Cuenta José, de tan buena lengua que tiene su rap: “Vicente Camalote es un pueblo de Veracruz. Allí a los migrantes nos odian. Tres pueblitos seguidos son así. A unos los mataron a pedradas. A nosotros nos corrió el cura de la iglesia porque nos iban a linchar si nos quedábamos”. Ésta es su tercera vez. Trepó en Palenque, Chiapas. Conoce la ruta hasta el río Bravo. Lo aguardan hijo y mujer mexicana en Reynosa. De ese lado cruza el Bravo. “No voy por Caborca porque no me gusta ser mula y ahí no hay de otra, tienes que pasar 50 kilos de droga”.

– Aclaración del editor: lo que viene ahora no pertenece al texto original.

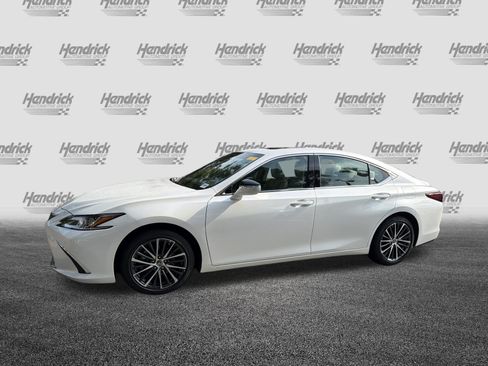 Used 2025 Lexus ES 350 w/ Premium Package FWD image 6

Está orgulloso de su “técnica” para abordar los vagones en marcha: “No me la complico. El tren no es de juego, tienes que pensarlo bien. Me le igualo corriendo y lo miro como si estuviera parado. Necesitas calcular el espacio adelante, que no haya obstáculos para terminar la carrera completa. Debes ver los espacios entre vagones, ¡fium, fium, fium! Fijo la mirada hasta verlos quietos. No pupileo. En mi primera vez lo vi claro. Cuando me siento listo, estiro el brazo y me agarro. El puro jalón te jala el otro brazo y te agarras bien. Y para bajar hay que correr en el aire, como la vez que vi un molote de gente en Celaya con los soldados, disparaban balas de goma en el crucero. Saltamos los compañeros, yo empiezo a correr rapidísimo en el aire y caigo corriendo, lo que amortigua cuando ruedo sobre mi mochila. Otros se lastimaron. Yo nomás me raspé de la grava”.

Lo han asaltado no sabe cuántas veces. Ya se la sabe. “He tenido suerte”. Presume una cicatriz de machetazo en el antebrazo. No le faltan tatuajes, como a muchos de sus paisanos. El habla caribeña es lo que hace a los hondureños tan reconocibles. No suenan como guatemaltecos o salvadoreños, gente de las montañas. José lleva dos días con Las Patronas. Hoy se va. Se adelanta a la procesión de patronas y voluntarios, llega a la grava y toma posición lo más lejos posible. Corre al lado de “La Bestia”. Suelta la mano al tubo y en un segundo desaparece en el aire, limpiamente. Segundos después cuelga alegremente del barandal agitando la mano del adiós.